A Clever, Joyless Look at the ‘Commonplace Horror’ of Marriage

THIS AMERICAN EX-WIFE: How I Ended My Marriage and Started My Life, by Lyz Lenz

When friends asked why I married a man 30 years older who didn’t have any money, I had three answers: 1) I loved him. 2) I’m an idiot. 3) I knew I couldn’t be married forever and this way, nature would take care of that problem for me (which it did).

I always thought getting divorced would be the worst thing to happen. But Lyz Lenz has straightened me out. The worst thing is being married in the first place. At least for her. And, she maintains, for most women on the planet.

“This American Ex-Wife”is a clever, well-argued and thoroughly joyless examination of what Lenz calls the “commonplace horror” of marriage. After growing up in an evangelical household, she chose a conservative Christian hard-working man who loved God, “Star Trek” and doing his own home renovations. He liked Trump, didn’t like gay people and didn’t like to cook or clean. Did I mention he was bad in bed? Because she did. After reading that, I hoped another thing he doesn’t like to do is read.

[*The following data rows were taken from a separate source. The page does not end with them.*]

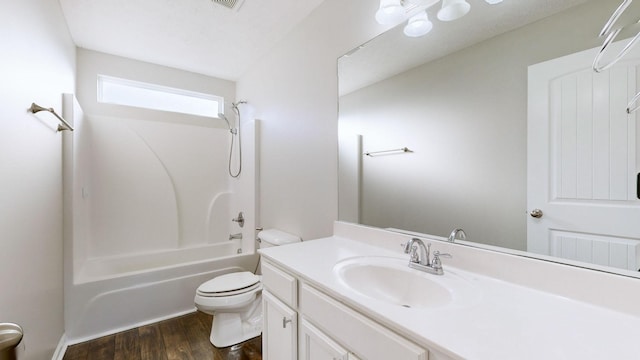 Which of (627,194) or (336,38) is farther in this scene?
(336,38)

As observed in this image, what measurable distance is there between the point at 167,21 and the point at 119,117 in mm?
1266

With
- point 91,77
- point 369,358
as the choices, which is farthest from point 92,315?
point 369,358

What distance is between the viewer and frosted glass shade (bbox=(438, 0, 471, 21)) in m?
1.16

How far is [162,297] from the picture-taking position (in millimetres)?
2330

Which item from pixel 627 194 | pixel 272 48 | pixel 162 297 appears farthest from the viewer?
pixel 272 48

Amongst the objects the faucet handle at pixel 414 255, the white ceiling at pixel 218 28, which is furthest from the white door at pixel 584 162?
the faucet handle at pixel 414 255

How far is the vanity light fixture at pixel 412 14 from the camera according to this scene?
1.22 meters

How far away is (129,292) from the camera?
2207 mm

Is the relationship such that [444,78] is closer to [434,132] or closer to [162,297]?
[434,132]

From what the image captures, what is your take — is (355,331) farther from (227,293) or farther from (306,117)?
(306,117)

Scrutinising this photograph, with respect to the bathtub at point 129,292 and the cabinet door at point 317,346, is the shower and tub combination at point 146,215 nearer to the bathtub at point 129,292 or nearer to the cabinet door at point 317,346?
the bathtub at point 129,292

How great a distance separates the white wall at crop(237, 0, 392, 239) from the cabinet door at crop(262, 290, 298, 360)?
645mm

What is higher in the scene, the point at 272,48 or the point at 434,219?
the point at 272,48

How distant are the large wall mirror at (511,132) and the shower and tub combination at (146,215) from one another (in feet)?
5.60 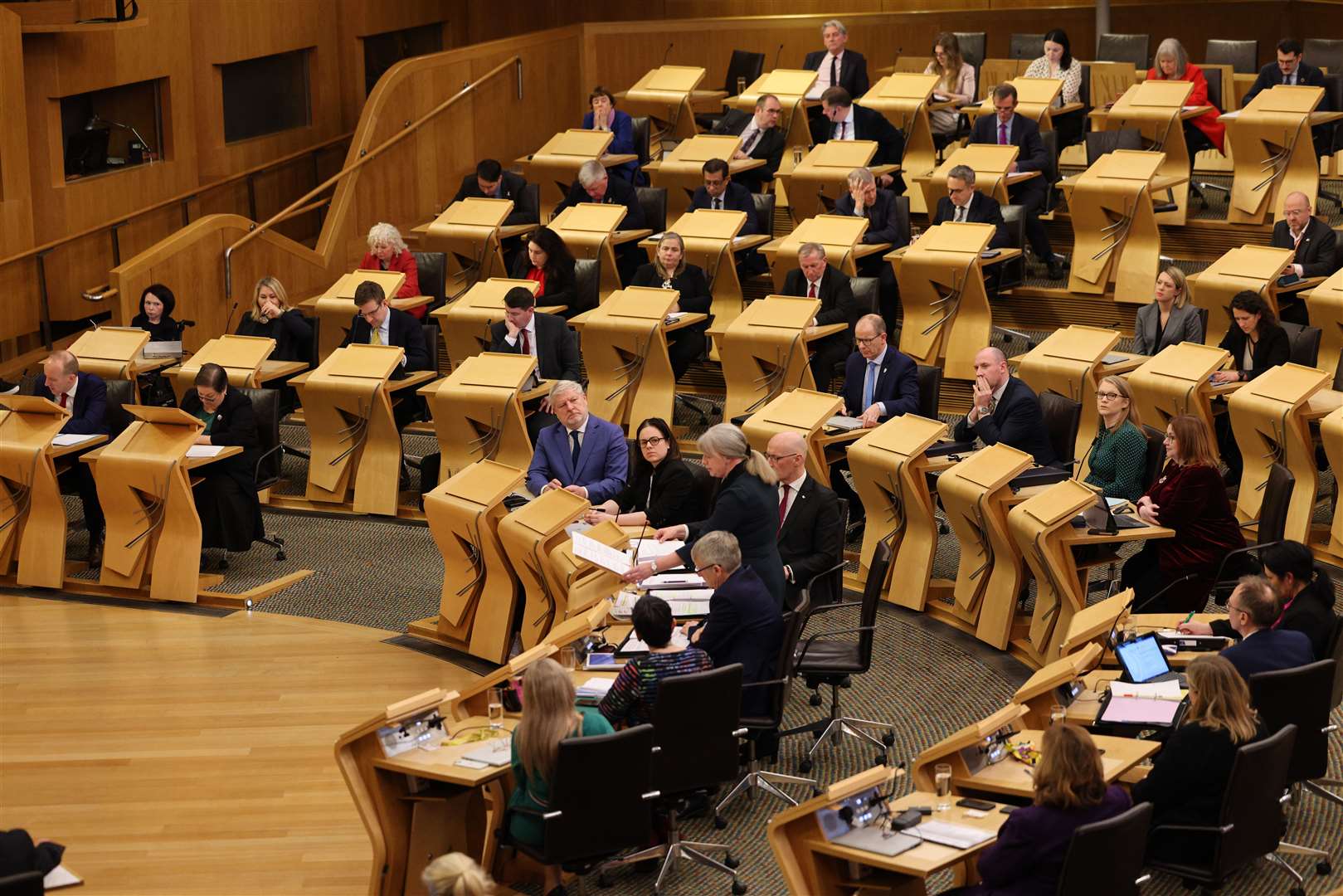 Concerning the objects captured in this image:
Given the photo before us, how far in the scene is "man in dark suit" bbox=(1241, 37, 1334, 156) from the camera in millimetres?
10922

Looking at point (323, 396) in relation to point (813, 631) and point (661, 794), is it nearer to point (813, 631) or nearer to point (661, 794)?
point (813, 631)

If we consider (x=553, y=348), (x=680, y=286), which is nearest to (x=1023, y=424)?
(x=553, y=348)

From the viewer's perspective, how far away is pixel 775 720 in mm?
5734

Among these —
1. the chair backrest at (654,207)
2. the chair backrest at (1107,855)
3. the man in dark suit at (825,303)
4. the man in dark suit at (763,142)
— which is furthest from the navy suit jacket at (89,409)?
the chair backrest at (1107,855)

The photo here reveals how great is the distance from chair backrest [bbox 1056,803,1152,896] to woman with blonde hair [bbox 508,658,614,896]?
138 centimetres

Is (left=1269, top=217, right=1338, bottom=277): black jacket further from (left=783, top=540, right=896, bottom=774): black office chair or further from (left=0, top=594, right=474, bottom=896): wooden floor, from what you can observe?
(left=0, top=594, right=474, bottom=896): wooden floor

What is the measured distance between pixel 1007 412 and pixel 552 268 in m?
3.42

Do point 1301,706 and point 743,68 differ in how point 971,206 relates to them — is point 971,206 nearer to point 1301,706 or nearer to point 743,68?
point 743,68

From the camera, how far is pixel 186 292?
11.2 m

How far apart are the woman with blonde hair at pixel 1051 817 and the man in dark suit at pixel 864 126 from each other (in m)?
7.52

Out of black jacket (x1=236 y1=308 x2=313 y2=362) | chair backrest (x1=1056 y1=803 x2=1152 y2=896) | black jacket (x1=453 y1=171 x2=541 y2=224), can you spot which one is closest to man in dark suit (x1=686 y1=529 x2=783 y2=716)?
chair backrest (x1=1056 y1=803 x2=1152 y2=896)

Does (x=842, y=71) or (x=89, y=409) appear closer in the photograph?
(x=89, y=409)

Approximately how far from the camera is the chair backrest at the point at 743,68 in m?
13.6

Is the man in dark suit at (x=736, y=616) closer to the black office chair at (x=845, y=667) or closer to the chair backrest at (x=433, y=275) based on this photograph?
the black office chair at (x=845, y=667) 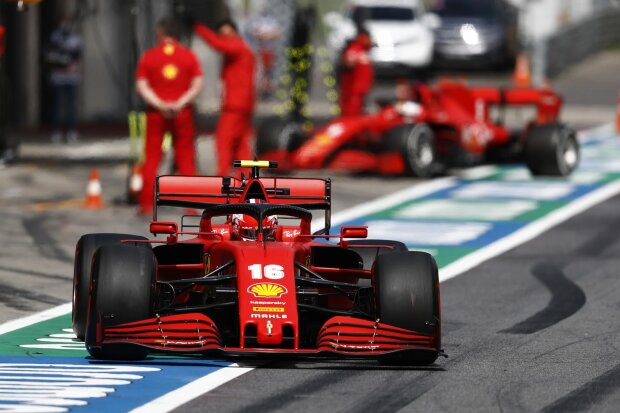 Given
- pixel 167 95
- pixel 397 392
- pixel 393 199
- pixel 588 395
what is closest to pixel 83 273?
pixel 397 392

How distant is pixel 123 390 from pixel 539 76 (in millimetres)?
32684

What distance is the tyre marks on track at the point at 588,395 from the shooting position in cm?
864

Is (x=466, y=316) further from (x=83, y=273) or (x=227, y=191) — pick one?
(x=83, y=273)

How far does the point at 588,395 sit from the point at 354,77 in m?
16.4

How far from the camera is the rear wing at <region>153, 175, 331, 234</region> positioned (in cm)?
1138

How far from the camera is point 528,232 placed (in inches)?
675

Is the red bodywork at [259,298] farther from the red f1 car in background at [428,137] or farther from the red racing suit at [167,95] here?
the red f1 car in background at [428,137]

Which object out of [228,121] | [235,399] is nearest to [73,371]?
[235,399]

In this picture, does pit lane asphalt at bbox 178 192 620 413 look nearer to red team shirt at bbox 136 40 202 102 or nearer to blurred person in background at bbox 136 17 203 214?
blurred person in background at bbox 136 17 203 214

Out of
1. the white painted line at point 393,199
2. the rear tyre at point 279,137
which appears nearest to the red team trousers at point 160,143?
the white painted line at point 393,199

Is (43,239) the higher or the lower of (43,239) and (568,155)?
the lower

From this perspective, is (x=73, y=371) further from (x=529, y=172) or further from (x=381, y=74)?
(x=381, y=74)

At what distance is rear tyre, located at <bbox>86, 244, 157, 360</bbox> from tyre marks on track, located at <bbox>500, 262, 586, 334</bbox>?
2808 mm

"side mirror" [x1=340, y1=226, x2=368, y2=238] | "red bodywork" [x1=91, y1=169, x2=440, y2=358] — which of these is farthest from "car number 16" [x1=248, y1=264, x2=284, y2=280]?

To Lenz — who has written books about faith and pregnancy — it was a marriage that made sense. But that was before she had two children, moved into a house she hated and discovered that she didn’t share most of her husband’s values. There was no infidelity, nothing dramatic, just quotidian misery and the impulse to be free. (The words “misery” or “miserable” appear 42 times in this book.)

Why, Lenz wonders, do so many of us assume that we need to “work” at marriage? What is equality in marriage? And what is a good man? Citing claims that 40 percent of marriages fail, Lenz writes: “If 40 percent of Honda CR-Vs had engine failures, Honda would issue a recall.”

Yet in making her case, Lenz sometimes fails to consider counterarguments. Are rings a symbol of bondage, as Lenz says, or a symbol of unity? Do comedians “normalize the quiet misery of marriage” or do they make us laugh at our occasional pettiness and ridiculousness? She’s dismissive of studies that show divorce can be detrimental to children, and she omits whole bodies of research indicating that married people are happier than unmarried ones.